United 93 plays like L’enfant in its structure of time. The film functions like a window in time and recognizable history, shot nearly in real time just before the horrendous events of September 11th. The film captures a variety of characters, from air traffic employees, military officials, victims of the tragedy, and the terrorists themselves. We’re given no discernable background about the individuals or even reasoning for why the events are taking place. It’s understood that the terrorists are of the Muslim faith and are carrying out these events as a pledge to their God, but Greengrass never tries to explain, justify, or crucify these men for their actions. That he shows them as fallible, emotionally-torn characters is a commendable decision, though it’s effectively brief in exposure. As in L’enfant, the removal of both conventional narrative and accepted cinematic motifs in United 93 washes away the looming sentimentality that one might expect from a film of this nature.

That both films are told in a matter-of-fact way about pressing issues in no way reflects the laziness or invisibility of the creator.

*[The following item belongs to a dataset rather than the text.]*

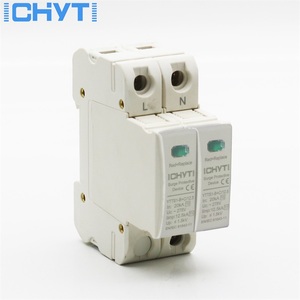 CHYT T1 + T2 YTTS1-<span class=keywords><strong>B</strong></span> + <span class=keywords><strong>C</strong></span>/12.5 2P guida Din a bassa tensione AC 275V 20KA-40KA 12.5KA limitatore di sovratensione parafulmine SPD - Product Image 6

The final fifteen minutes of United 93 are some of the most riveting, intense cinematic moments you may ever see committed to the screen. The scene in L’enfant where Bruno hides in a neighboring room of an abandoned apartment to complete the transaction of selling his baby recalls some of the most dangerous, suspenseful moments Hitchcock has ever created. The audience is never given a glimpse of the individuals taking part in the business deal because the window of L’enfant doesn’t open in that direction. The Dardenne brothers are focused on Bruno, his silent tension, anxiety, and possible conflicting reassurance during this scene. They don’t expect you to understand or even feel the internal struggle Bruno might be going through; they just want you to experience it from where you sit. United 93 and L’enfant assuredly recognize their own distant nature. Film is hardly something that is user-interactive (though hammy DVD features like those on the new Final Destination disc are trying to prove otherwise), and Greengrass and the Dardennes acknowledge this, taking a step back, avoiding their own menacing interference, and allowing the horrors of the world to simply persist. Especially in Dogville and its sequel Manderlay, Von Trier always has something to say about these evils. In L’enfant and United 93, the evils exist without explanation, justification, or deterioration. These evils present themselves in both the theist and godless worlds of the films discussed here but in variable degrees of “realness.” This imbalance between the films in no way suggests a superiority in quality of any of the films, as they all remarkably work within their own right. However, to carelessly lump all these films that strive for cinematic realism together would be a foolish mistake.